Once again, LADEE defied the odds. When it emerged from Earth's shadow, the heaters and batteries powered back up and kept LADEE going for a few more science-filled days before its final daring pass sealed its fate. 

During impact, engineers believe the small spacecraft broke apart, heating up several hundred degrees – or even vaporizing – at the surface. Any material that remained is likely buried in shallow craters. NASA mission controllers are still working to determine the exact time and location of LADEE's final impact. With luck, the Lunar Reconnaissance Orbiter will photograph the impact site. 

"It's bittersweet, knowing we have received the final transmission from the LADEE spacecraft," says Dr. Hine of Ames. LADEE was built in-house at Ames, and its instruments "stayed in constant contact as it circled the moon for the last several months," he said. In addition to the lunar observations it sent scientists, LADEE communicated with the general public through tweets, like this one sent a few weeks ago:

LADEE's journey began on Sept. 6, when it launched (along with a photobombing frog) from the Wallops Flight Facility in Virginia. LADEE reached the moon Oct. 6 and began gathering science data on Nov. 10. It completed its primary mission on March 1, then began its serendipitous extended mission. If it had survived Thursday's kamikaze run, it would have completely run out of fuel and coasted to a crash-landing sometime Monday.

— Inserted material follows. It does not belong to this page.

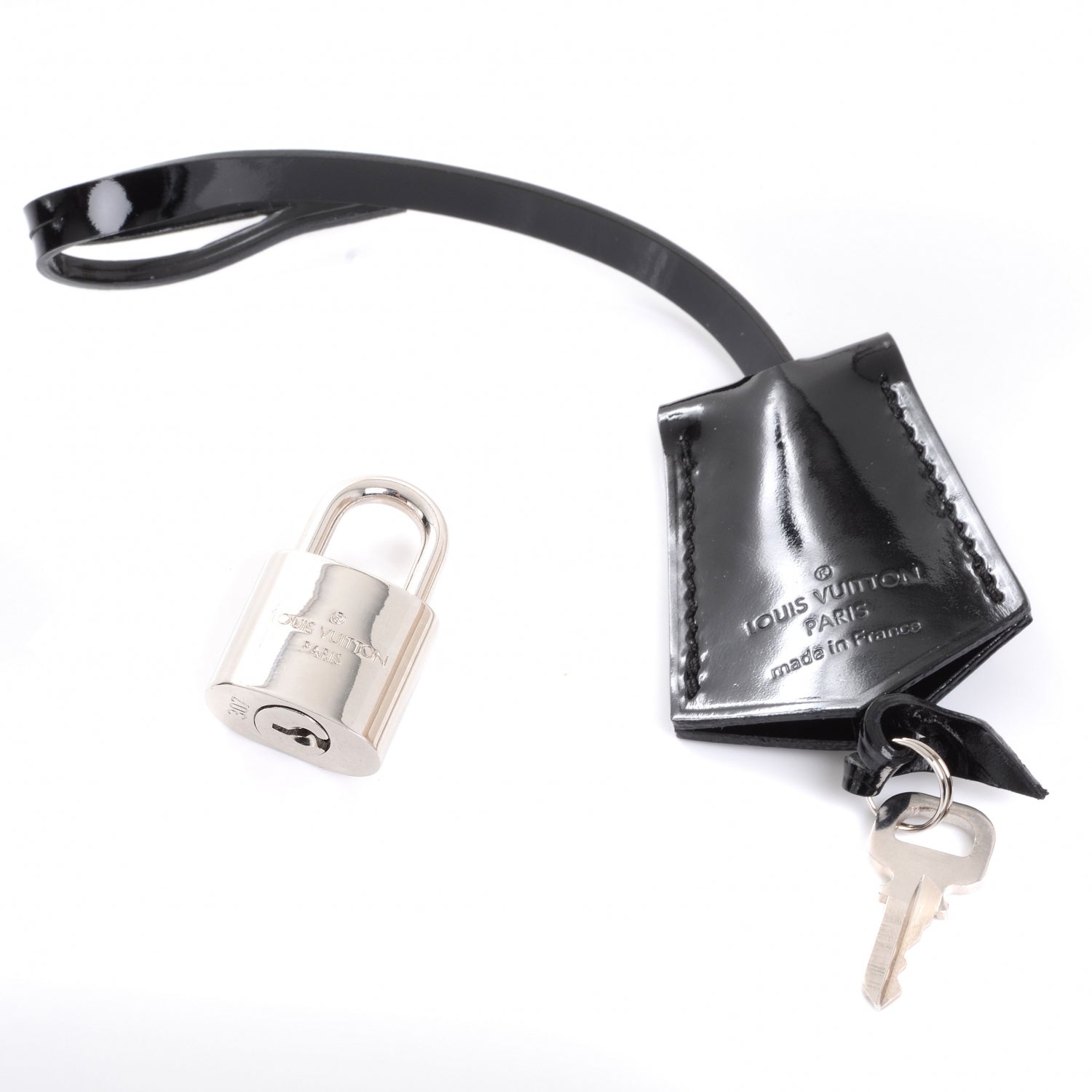 Louis Vuitton Electric Epi Clochette Key Bell Holder W Lock 1 of 4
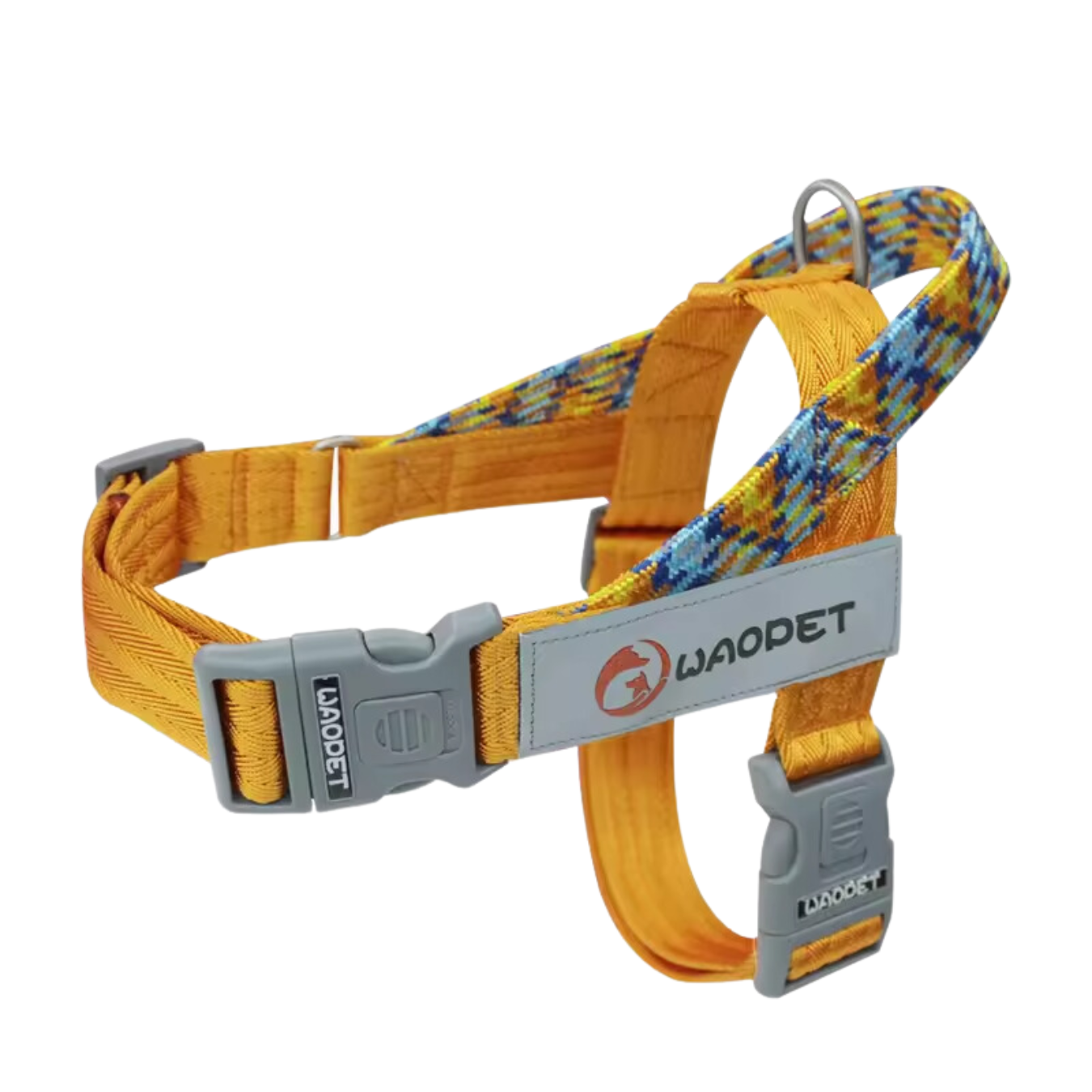 【国内発送 + 2個目半額セール!】GO! with PUPPY 名前入りハーネス 紐型ハーネス 無料カスタム名札ラベル作成 高性能ハーネス ひっぱり防止 トレーニング 首に負担の少ない 防災グッズ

LADEE measured the moon's almost non-existent atmosphere – technically, the "surface boundary exosphere" – and looked for evidence of a lunar water cycle. In addition, scientists are analyzing LADEE's data in hopes of solving a long-standing mystery: What caused the pre-sunrise glow seen above the lunar horizon on several Apollo missions? LADEE also carried an experiment in two-way communication via laser, instead of the standard radio waves. The Lunar Laser Communication Demonstration successfully transmitted data over the 239,000 miles from the moon to the Earth at a record-breaking download rate of 622 megabits-per-second (Mbps) and from the Earth to the moon with an error-free data upload rate of 20 Mbps.

"LADEE was a mission of firsts, achieving yet another first by successfully flying more than 100 orbits at extremely low altitudes," said Joan Salute, a LADEE program executive. "Although a risky decision, we're already seeing evidence that the risk was worth taking.”